- GIVEN DATA -

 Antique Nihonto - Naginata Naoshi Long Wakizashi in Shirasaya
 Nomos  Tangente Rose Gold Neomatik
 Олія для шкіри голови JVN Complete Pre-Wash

- TASK TO CARRY OUT -
The output should be the entire listing, exactly as it is.

- COMPLETED TASK -
 Antique Nihonto - Naginata Naoshi Long Wakizashi in Shirasaya
 Nomos  Tangente Rose Gold Neomatik
 Олія для шкіри голови JVN Complete Pre-Wash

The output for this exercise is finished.